**Exercise description**
Could you retype, exactly and with no pictures, only the lines from the first line of the records below through the line that contains "Đại hội XIV"?

**Data for the task**
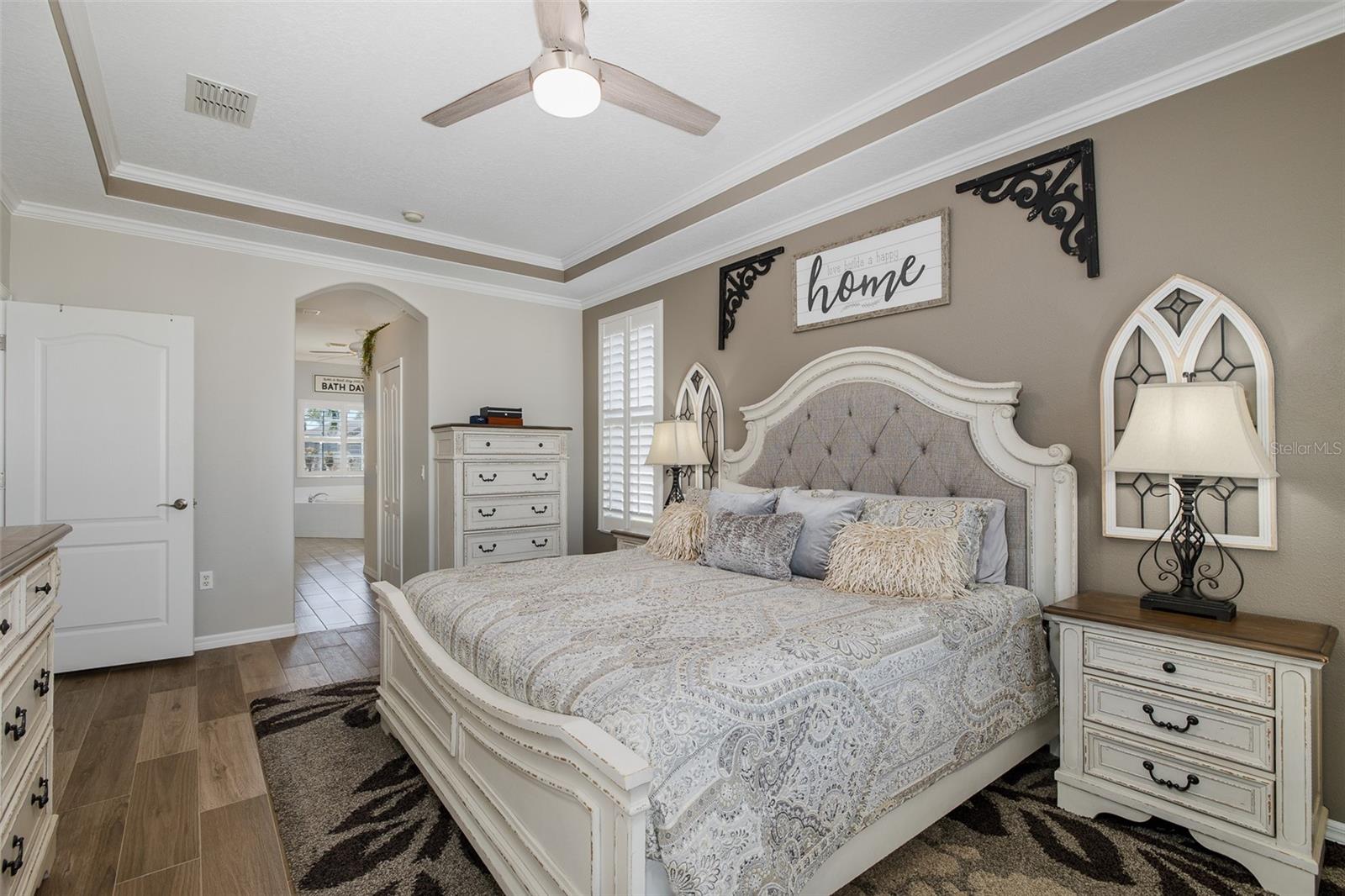 Image 25 of 82 For 1710 Lakestone Drive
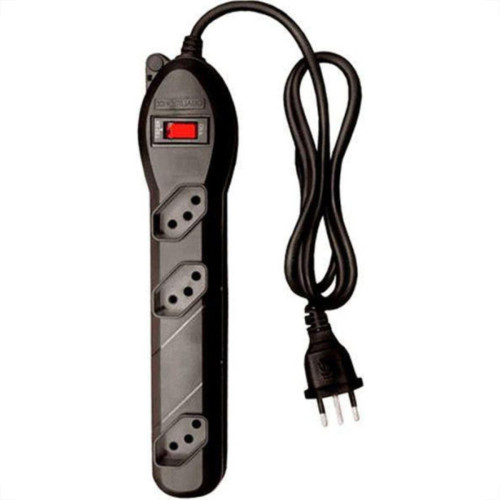 Qualitronix Filtro Linha 03T C/Disj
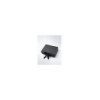 Boite Cadeau Obsessive Noire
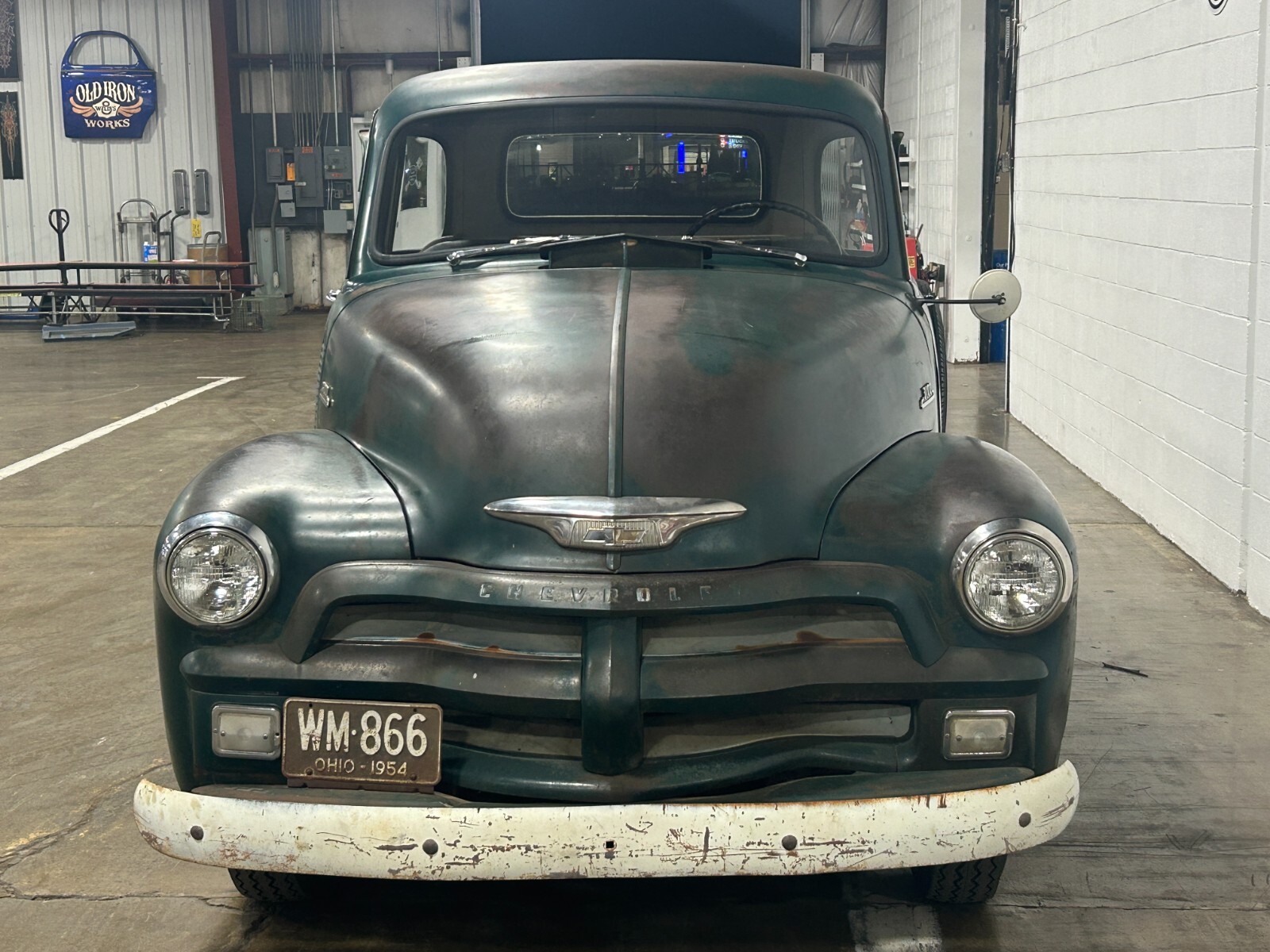 Chevrolet-Other-Pickups-1954-3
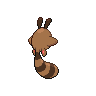 161.png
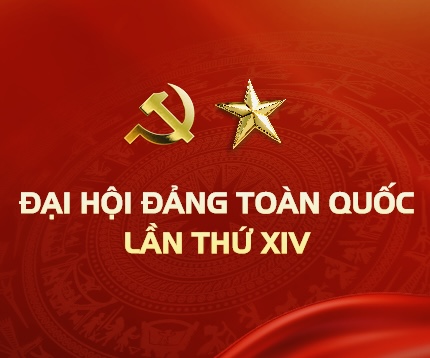 Đại hội XIV - Ngưỡng chuyển từ đổi mới sang hiện đại hóa mô hình phát triển
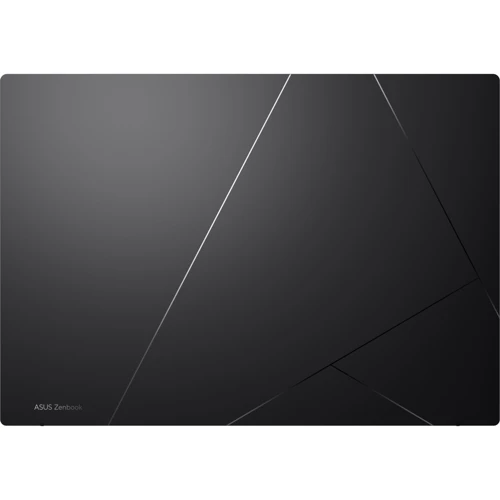 Ноутбук ASUS ZenBook 14 OLED UM3406HA-QD081 (90NB1271-M003Z0) UA: Операційна система без ОС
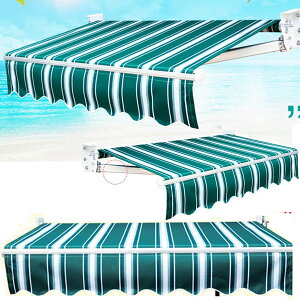 I[jO  2m 蓮 Lk 悯 ܂ TVF[h I[jOeg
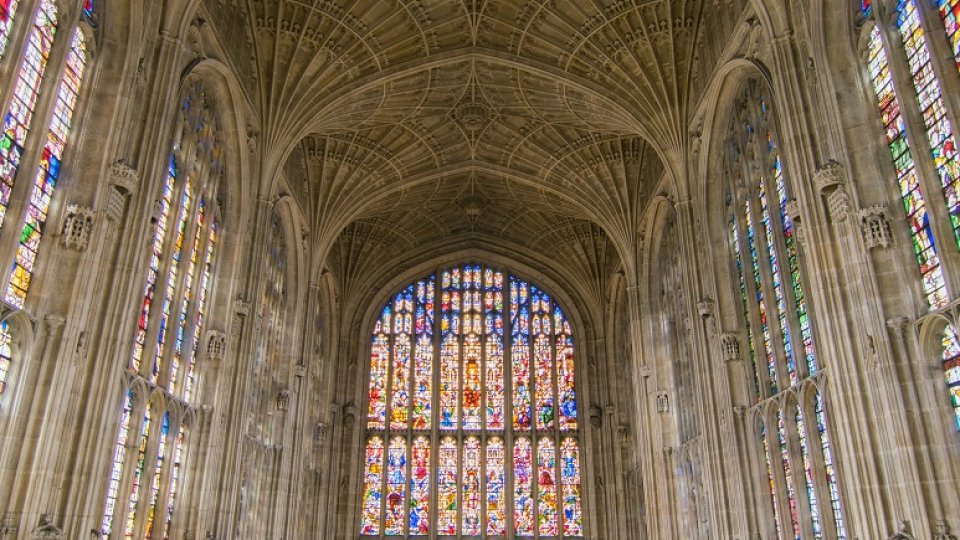 chapel_square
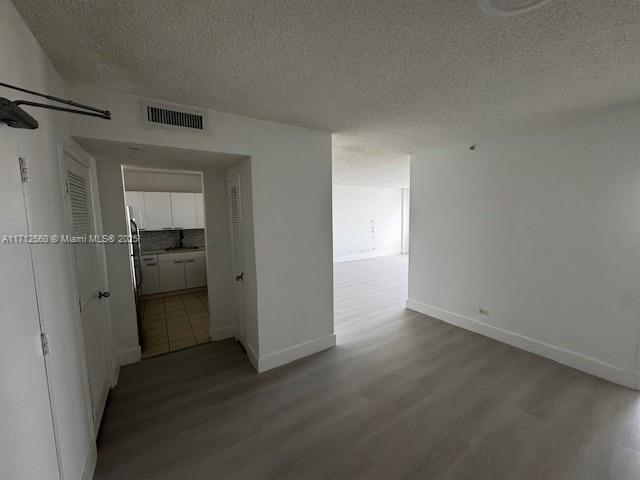 Homes for sale in Miami Beach, FL | 1500 Bay Rd #1070S, Miami Beach, FL 33139 | MLS# A11712560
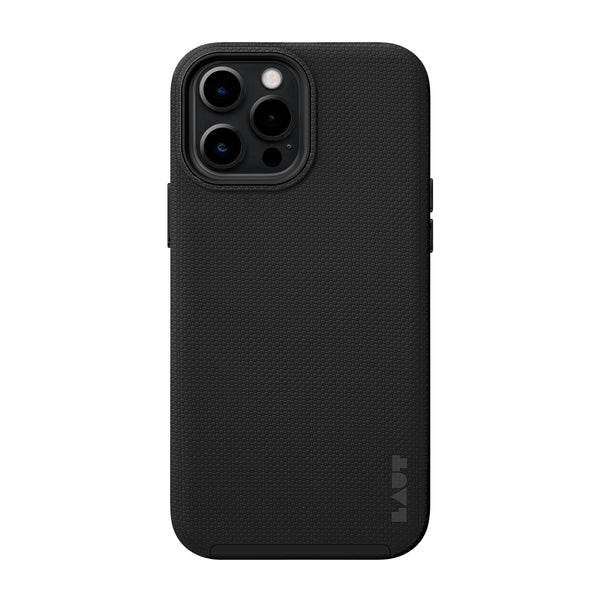 Laut Shield Case iPhone 15 Pro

**Answer to the problem**
 Image 25 of 82 For 1710 Lakestone Drive
 Qualitronix Filtro Linha 03T C/Disj
 Boite Cadeau Obsessive Noire
 Chevrolet-Other-Pickups-1954-3
 161.png
 Đại hội XIV - Ngưỡng chuyển từ đổi mới sang hiện đại hóa mô hình phát triển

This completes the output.